RTF MEMO - extended terms of payment
There has understandably been considerable angst recently over the unilateral actions of some large companies to extend the payment term for goods and services provided to 60 days and beyond.
From discussions with MBIE, Commerce Commission officials and legal experts I am advised that such actions are not of themselves illegal.
This advice is reinforced by the comments of the Minister of Finance, Hon Bill English, in reply to the Parliamentary question from Jacinda Ardern on Tuesday 8th March 2016.
“Jacinda Ardern: Does he believe the new terms of payment for contractors and small businesses adopted by Fonterra, including a shift to paying invoices after an additional 61 days, is acceptable?
Hon BILL ENGLISH: Well, it would be unacceptable if it was outside the current legislative requirements. In the end, these are freely transacting people doing business. Any party to the transaction is able to choose whether the terms are suitable for them, or not. But Fonterra, I am assured, is operating within New Zealand legislation.”
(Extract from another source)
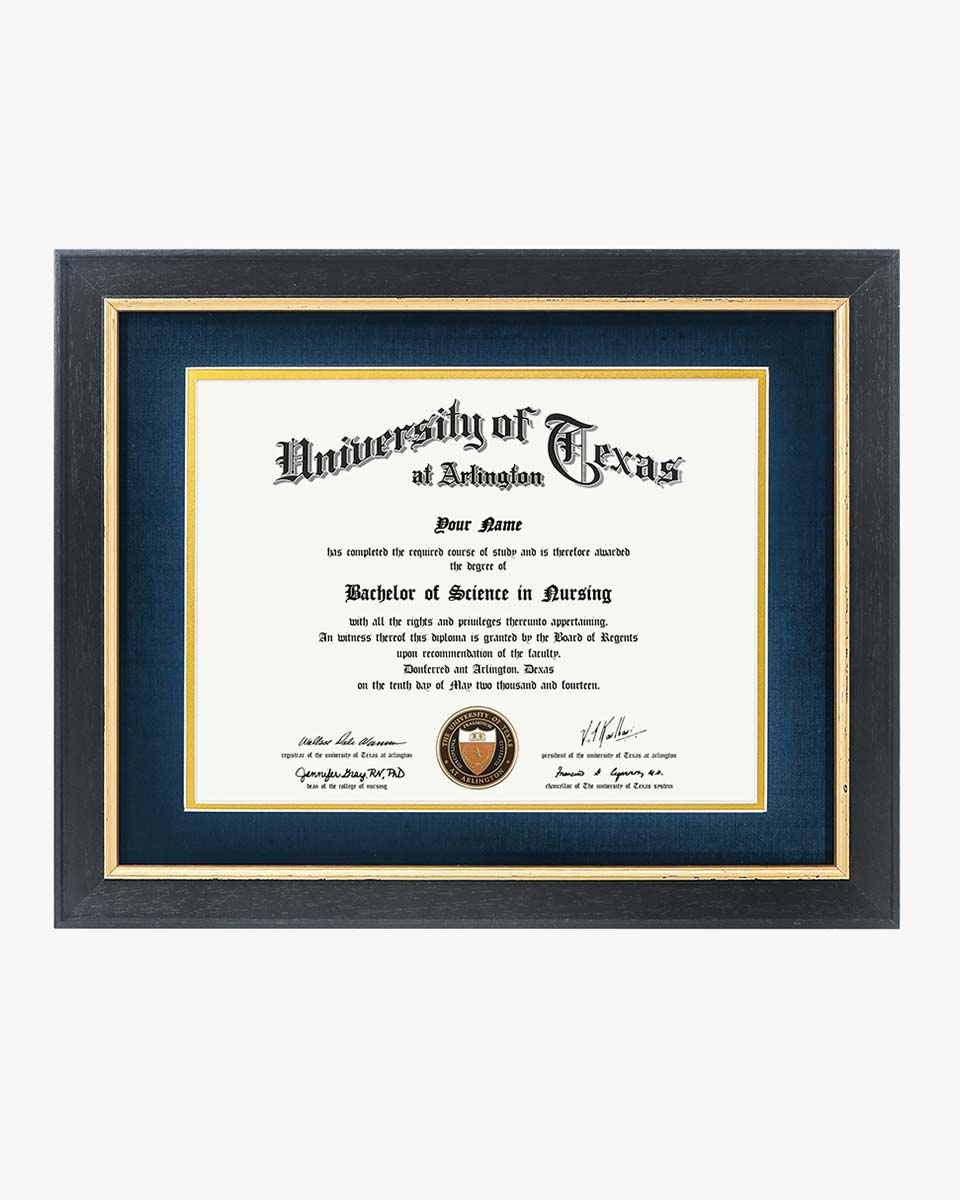 Wood Diploma Frame with Gold Trim Tempered Glass 8.5*11 /11*14 – 15 Colors Available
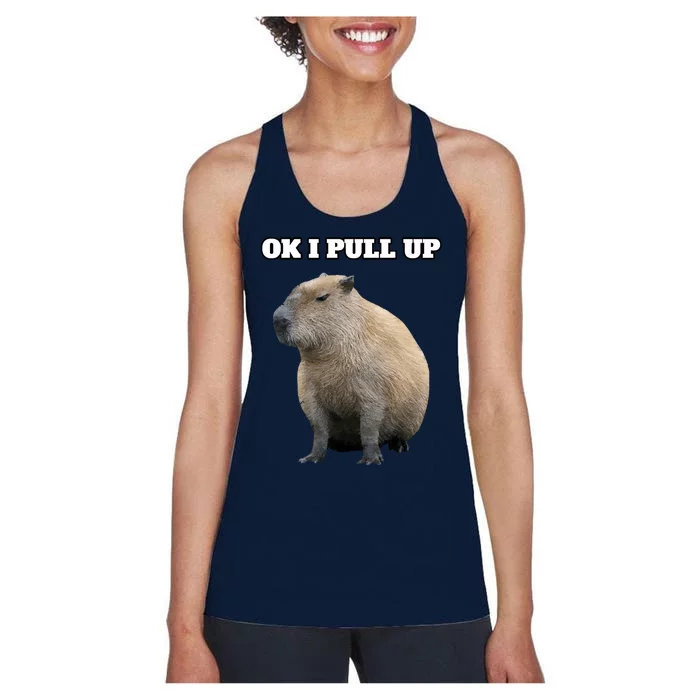 Ok I Pull Up Capybara Women's Racerback Tank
The key point is that all transport operators who choose to conduct their business without written contracts specifying their own terms of trade, including payment periods leave themselves vulnerable to what is effectively corporate bullying.
Generally, in commercial transactions no provider of a service is compelled to provide that service and any party to the transaction is free to choose whether the terms are acceptable to them or not.
However, under contract law, written contracts place obligations and responsibilities on both (all) parties which are legally binding for the duration of the contract.